Kindaland Pty Ltd trading as Kindaland Childcare Centre
[2013] FWC 8108
•15 OCTOBER 2013
[2013] FWC 8108 |
FAIR WORK COMMISSION |
DECISION |
Fair Work Act 2009
s.185—Application for approval of a single-enterprise agreement
Kindaland Pty Ltd trading as Kindaland Childcare Centre
(AG2013/2577)
DEPUTY PRESIDENT SMITH | MELBOURNE, 15 OCTOBER 2013 |
Application for approval of the Enterprise Agreement 2013 Kindaland Pty Ltd—application dismissed.
[1] On 28 August 2013 Kindaland Pty Ltd lodged an application for approval of the Enterprise Agreement 2013 Kindaland Pty Ltd (the Agreement). The Agreement was approved by employees on 27 August 2013. The notice of representational rights was issued to employees on 22 July 2013.
[2] On 6 September 2013 I wrote to Kindaland Pty Ltd (the applicant) outlining a number of concerns. On 11 September 2013 the applicant responded and provided further information which satisfied my concerns relating to missing information in the application.

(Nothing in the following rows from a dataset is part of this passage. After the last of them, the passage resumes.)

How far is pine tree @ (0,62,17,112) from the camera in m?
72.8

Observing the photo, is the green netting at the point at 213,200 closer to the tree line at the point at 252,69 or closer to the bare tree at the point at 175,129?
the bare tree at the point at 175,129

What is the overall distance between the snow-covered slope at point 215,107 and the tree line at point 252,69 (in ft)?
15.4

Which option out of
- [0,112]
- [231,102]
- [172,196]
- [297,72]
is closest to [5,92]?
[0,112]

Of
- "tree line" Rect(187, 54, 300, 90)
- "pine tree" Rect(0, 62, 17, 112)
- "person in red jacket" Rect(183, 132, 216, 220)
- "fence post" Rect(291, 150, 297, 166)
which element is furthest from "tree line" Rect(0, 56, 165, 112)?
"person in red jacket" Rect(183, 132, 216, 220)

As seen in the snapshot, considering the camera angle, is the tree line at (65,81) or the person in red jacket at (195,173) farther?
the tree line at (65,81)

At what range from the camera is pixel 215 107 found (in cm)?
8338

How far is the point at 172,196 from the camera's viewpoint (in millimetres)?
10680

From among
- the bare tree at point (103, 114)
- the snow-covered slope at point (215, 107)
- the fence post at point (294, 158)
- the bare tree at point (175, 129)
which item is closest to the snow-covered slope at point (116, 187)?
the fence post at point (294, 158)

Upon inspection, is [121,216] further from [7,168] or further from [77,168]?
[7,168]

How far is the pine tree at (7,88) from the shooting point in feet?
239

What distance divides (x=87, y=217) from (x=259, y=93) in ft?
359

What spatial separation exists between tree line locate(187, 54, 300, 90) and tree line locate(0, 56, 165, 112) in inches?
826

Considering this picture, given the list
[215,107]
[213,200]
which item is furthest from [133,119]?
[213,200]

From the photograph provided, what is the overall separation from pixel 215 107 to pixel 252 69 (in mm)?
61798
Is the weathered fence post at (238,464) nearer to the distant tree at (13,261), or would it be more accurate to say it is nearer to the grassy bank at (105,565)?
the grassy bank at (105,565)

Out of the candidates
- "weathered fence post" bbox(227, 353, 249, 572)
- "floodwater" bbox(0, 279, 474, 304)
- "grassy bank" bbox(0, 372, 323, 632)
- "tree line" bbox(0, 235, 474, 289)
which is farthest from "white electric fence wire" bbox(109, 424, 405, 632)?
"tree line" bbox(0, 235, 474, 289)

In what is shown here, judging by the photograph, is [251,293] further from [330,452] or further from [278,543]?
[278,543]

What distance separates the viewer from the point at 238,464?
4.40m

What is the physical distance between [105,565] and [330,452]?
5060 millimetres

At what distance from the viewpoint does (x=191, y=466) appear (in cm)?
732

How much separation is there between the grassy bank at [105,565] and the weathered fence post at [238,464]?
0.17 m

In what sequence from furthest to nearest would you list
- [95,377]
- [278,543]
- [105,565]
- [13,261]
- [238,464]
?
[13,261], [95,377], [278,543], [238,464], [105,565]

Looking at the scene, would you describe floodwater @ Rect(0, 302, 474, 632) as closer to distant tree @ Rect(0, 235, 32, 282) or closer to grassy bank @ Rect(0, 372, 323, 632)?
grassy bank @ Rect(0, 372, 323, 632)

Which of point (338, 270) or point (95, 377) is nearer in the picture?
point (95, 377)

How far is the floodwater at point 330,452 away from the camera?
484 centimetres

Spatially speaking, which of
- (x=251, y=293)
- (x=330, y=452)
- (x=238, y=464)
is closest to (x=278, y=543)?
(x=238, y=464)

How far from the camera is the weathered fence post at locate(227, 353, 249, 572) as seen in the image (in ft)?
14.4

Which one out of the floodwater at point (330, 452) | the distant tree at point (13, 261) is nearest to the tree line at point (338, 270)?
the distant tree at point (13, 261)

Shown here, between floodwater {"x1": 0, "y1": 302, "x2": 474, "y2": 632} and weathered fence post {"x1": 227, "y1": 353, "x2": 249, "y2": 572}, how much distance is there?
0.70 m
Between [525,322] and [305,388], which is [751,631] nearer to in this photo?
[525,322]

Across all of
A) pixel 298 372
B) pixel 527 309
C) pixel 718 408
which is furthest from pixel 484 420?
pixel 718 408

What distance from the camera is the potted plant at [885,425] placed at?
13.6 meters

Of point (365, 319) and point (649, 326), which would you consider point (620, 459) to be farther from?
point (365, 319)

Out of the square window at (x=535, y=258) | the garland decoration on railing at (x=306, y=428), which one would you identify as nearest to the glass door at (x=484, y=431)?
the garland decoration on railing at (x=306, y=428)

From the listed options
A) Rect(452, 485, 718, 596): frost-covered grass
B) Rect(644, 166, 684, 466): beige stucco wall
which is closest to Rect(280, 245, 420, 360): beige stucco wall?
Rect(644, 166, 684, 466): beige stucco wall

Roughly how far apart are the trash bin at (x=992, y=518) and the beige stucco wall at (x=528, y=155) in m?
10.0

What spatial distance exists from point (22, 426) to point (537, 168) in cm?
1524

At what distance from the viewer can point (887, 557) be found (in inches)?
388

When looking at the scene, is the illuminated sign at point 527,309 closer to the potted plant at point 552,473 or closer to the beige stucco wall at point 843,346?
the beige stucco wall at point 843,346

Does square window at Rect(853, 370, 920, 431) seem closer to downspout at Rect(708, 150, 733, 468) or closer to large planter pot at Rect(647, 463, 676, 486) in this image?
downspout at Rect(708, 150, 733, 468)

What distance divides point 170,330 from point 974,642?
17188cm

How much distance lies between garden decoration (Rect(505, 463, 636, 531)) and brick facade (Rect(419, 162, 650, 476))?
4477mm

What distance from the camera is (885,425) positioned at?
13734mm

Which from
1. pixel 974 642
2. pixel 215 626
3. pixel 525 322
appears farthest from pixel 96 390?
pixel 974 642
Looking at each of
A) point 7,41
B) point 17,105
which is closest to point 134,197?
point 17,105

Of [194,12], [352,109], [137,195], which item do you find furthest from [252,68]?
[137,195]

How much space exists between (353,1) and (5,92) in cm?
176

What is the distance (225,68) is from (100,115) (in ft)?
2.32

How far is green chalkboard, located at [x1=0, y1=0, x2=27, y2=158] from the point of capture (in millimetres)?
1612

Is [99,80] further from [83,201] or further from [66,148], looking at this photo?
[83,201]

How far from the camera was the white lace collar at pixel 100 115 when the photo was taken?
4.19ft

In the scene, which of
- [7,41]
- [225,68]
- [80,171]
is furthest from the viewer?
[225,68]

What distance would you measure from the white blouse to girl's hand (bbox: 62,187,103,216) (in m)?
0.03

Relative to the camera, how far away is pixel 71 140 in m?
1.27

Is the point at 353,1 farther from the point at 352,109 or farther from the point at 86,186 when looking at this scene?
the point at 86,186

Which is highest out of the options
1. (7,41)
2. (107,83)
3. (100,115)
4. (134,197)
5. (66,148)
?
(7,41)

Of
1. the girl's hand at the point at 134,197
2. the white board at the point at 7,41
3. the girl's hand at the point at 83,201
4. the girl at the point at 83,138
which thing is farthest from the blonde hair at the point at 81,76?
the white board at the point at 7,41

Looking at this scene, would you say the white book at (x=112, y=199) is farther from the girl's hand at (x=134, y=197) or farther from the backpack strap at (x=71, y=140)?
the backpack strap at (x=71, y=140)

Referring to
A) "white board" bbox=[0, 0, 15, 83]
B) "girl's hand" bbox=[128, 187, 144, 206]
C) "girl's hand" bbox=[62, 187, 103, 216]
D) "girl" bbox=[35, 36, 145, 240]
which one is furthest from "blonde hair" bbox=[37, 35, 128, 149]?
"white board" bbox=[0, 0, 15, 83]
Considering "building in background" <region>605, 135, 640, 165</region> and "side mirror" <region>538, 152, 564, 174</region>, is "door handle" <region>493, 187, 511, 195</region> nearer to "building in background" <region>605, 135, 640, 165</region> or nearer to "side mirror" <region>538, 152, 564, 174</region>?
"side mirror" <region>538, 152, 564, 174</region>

[3] In the letter mentioned above I also raised concerns about the applicant’s notice of representational rights which does not comply with s.174 of the Fair Work Act 2009 (the Act).

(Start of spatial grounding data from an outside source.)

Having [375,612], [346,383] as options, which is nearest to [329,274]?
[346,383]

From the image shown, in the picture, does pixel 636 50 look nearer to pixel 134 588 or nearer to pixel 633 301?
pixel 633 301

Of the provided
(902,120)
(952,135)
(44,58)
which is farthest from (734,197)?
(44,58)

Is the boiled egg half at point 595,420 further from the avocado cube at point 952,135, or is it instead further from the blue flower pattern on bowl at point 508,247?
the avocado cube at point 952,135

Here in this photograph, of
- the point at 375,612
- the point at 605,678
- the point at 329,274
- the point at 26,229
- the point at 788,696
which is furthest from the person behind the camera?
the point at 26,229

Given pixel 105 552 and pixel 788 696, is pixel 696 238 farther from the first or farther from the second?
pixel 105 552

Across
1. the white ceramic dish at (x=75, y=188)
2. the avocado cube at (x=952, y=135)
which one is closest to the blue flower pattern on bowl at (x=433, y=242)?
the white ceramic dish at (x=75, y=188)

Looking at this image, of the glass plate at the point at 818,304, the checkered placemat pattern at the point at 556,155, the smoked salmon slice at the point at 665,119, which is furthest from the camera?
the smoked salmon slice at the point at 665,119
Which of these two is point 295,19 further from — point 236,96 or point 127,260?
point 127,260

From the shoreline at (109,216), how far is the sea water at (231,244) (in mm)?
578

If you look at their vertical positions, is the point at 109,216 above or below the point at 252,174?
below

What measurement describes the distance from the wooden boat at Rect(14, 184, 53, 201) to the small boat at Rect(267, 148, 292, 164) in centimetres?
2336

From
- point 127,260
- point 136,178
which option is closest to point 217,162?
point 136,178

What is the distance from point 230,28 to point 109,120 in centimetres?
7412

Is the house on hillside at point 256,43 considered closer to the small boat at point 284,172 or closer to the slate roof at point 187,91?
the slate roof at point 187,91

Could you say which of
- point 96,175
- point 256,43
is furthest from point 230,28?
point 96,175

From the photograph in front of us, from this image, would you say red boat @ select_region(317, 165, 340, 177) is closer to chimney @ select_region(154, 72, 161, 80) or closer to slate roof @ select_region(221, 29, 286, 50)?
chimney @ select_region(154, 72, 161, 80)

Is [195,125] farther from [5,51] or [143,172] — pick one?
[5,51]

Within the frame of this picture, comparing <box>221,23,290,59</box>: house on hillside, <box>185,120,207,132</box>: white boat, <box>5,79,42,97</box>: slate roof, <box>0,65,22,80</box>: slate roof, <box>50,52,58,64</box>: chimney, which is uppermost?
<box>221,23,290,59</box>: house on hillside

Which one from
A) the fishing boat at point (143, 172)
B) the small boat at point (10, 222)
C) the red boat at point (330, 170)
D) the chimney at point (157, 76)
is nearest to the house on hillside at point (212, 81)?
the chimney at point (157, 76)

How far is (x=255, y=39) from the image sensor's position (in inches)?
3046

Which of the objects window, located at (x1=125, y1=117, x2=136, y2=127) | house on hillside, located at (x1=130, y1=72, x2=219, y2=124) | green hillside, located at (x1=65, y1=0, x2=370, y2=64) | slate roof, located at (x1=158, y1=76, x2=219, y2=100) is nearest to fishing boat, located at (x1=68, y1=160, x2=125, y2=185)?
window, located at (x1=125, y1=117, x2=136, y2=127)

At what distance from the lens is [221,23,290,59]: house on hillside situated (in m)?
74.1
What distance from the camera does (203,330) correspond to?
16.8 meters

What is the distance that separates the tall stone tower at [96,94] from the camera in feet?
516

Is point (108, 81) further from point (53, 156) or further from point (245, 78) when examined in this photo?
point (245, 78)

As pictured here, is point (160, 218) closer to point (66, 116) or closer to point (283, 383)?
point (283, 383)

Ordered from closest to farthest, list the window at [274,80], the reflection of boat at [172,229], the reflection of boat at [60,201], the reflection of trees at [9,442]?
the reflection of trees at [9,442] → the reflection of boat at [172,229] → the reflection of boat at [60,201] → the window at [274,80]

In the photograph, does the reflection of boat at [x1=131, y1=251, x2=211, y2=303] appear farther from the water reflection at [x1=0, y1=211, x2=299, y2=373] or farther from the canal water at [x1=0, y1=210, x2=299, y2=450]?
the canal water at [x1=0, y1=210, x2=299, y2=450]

[4] Section 174(1A) of the Act provides that:
“The notice must:
(a) contain the content prescribed by the regulations; and
(b) not contain any other content; and
(c) be in the form prescribed by the regulations.”
[5] Further, s.174(3) requires that the content of a notice to advise employees of a default bargaining representation position be as follows:
“If subsection (4) does not apply, the notice must explain that:
(a) if the employee is a member of an employee organisation that is entitled to represent the industrial interests of the employee in relation to work that will be performed under the agreement; and
(b) the employee does not appoint another person as his or her bargaining representative for the agreement;
the organisation will be the bargaining representative of the employee.”
[6] Regulation 2.05 of the Fair Work Regulations 2009 provides that:
“For subsection 174(6) of the Act, the notice of employee representational rights in Schedule 2.1 is prescribed.”
[7] The Act does not permit an alteration to the notice provided in Schedule 2.1 (except as provided for in Schedule 2.1).
[8] The notice of employee representational rights issued by the applicant to employees in this matter did not conform with Schedule 2.1
[9] In Otswald Bros Pty Ltd v Construction, Forestry, Mining and Energy Union 1 a Full Bench held that:
“ . . . properly construed, in the broader context of the Act, s.188(1)(b) of the Act requires the giving of notice of employee representational rights 21 days prior to a request to approve an enterprise agreement under s.181 in the terms required by s.174 of the Act, which includes advice of default representation in s.174(3). The notice given in this case, which omitted the information to employees required by s.174(3) was not a notice as required by s.188(1)(b).”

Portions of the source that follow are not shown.